The Corner

Politics & Policy

Let Americans Means-Test Themselves

When addressing the costs imposed by the coronavirus pandemic and the sudden shutdown of normal economic life, should Congress send aid directly to all Americans, or should it do something more narrowly targeted? Nancy Pelosi is infuriating progressives because her office is insisting that aid must be more narrowly targeted. Huffington Post reporter Zach Carter has marveled that Nancy Pelosi has positioned herself to the right of Tom Cotton. Pelosi’s not alone. Some conservatives want to make sure that no federal dollars go to people who don’t need them at this time.

I don’t think Right or Left matter much in emergency measures. But trying to finely calibrate financial assistance to Americans at this unprecedented moment is guaranteed to make these measures fail. Time is of the essence. Layoffs are happening at an incredible pace across the service economy. Small-business failures will come just behind them, followed by mortgages going into arrears, evictions, and eventually the failure of financial instruments and institutions next. Congress doesn’t know how to estimate the number of Americans who are going to need assistance shortly.

America’s political institutions have asked for an incredible amount of trust in this temporary shutdown to slow the spread of a pandemic. Americans are, with some exceptions, complying well even as they are plunged into incredible uncertainty about the stability of their own jobs. And so Congress is going to have to trust, in turn, that Americans will means-test themselves.

Yes, some millionaires and even a few billionaires may get these little assistance checks if the government rushes them out. If Congress is really sore about 1 percenters, it can find a way to add a surcharge to income taxes in the future, clawing the money back as revenue.

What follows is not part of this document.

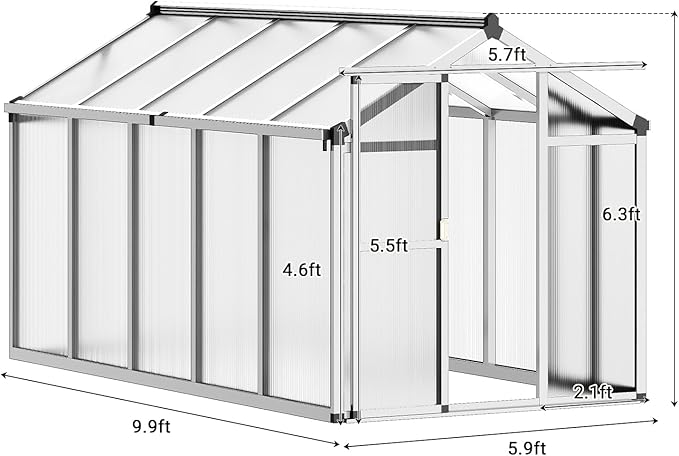 Greenhouse, 6x10 Ft Outdoor Greenhouses, Accessible Green House with Roof Vents and Sliding Doors, Aluminum Frame Polycarbonate Greenhouses, Large Greenhouse for Outdoor Gardens and Backyards, Silver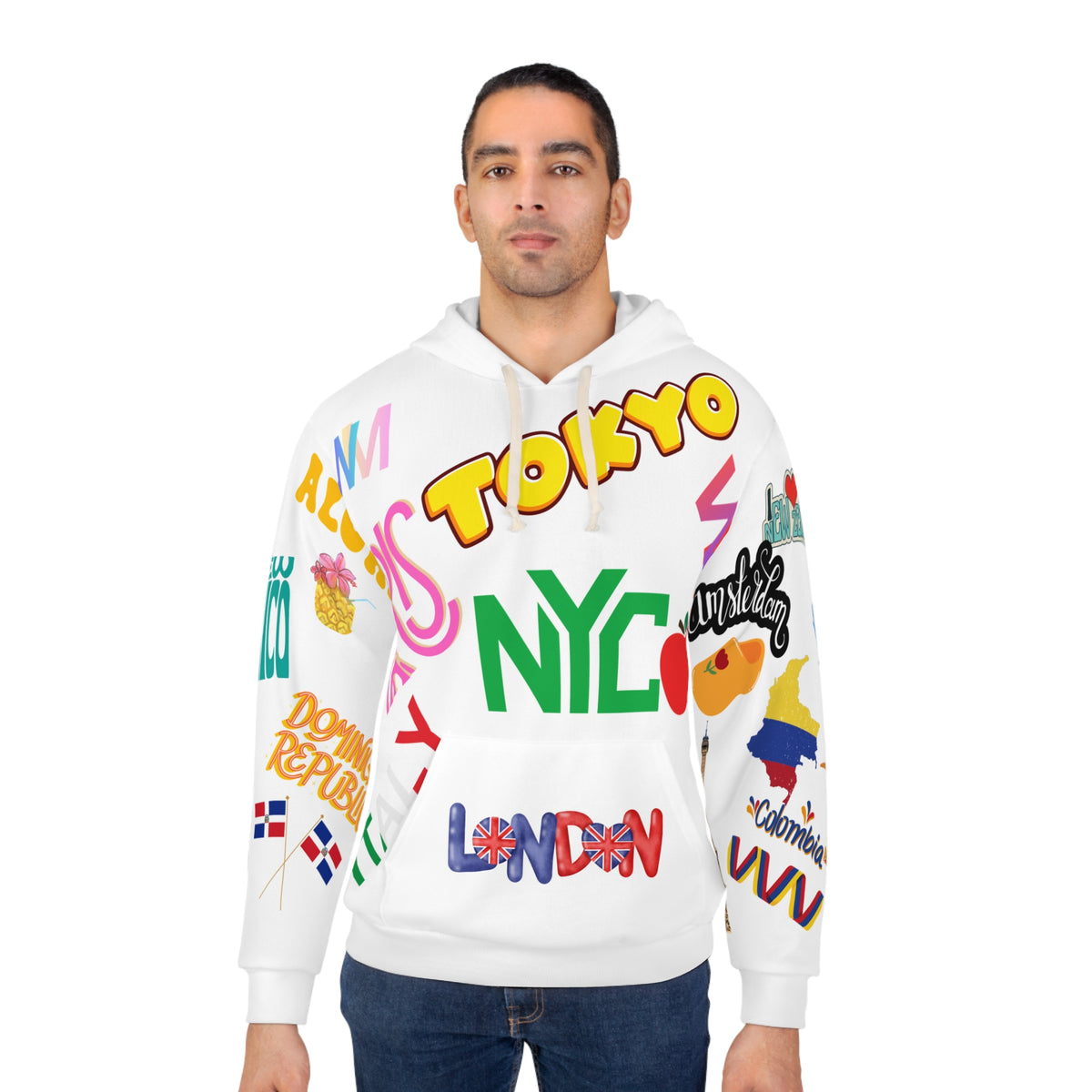 NYC and abroad Travel Souvenir Collage Pullover Hoodie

But as it becomes clear in the weeks ahead how painful these shutdowns will be, I expect that Americans who are retaining their salaries will intelligently donate and redirect universal aid to the needy people and charities that Congress could never design a program of aid to help.

Making the aid universal makes it faster and more effective. Allowing citizens to make millions of separate and decentralized judgments about the needs in their communities will also make the aid more effective overall. This isn’t a normal recession in which firms, entrepreneurs, and workers are alerted to “malinvestment” in the economy and asked to readjust. The service sector doesn’t deserve in any way the pain being inflicted on it. So let’s not try to set rules as if we’re teaching citizens a lesson.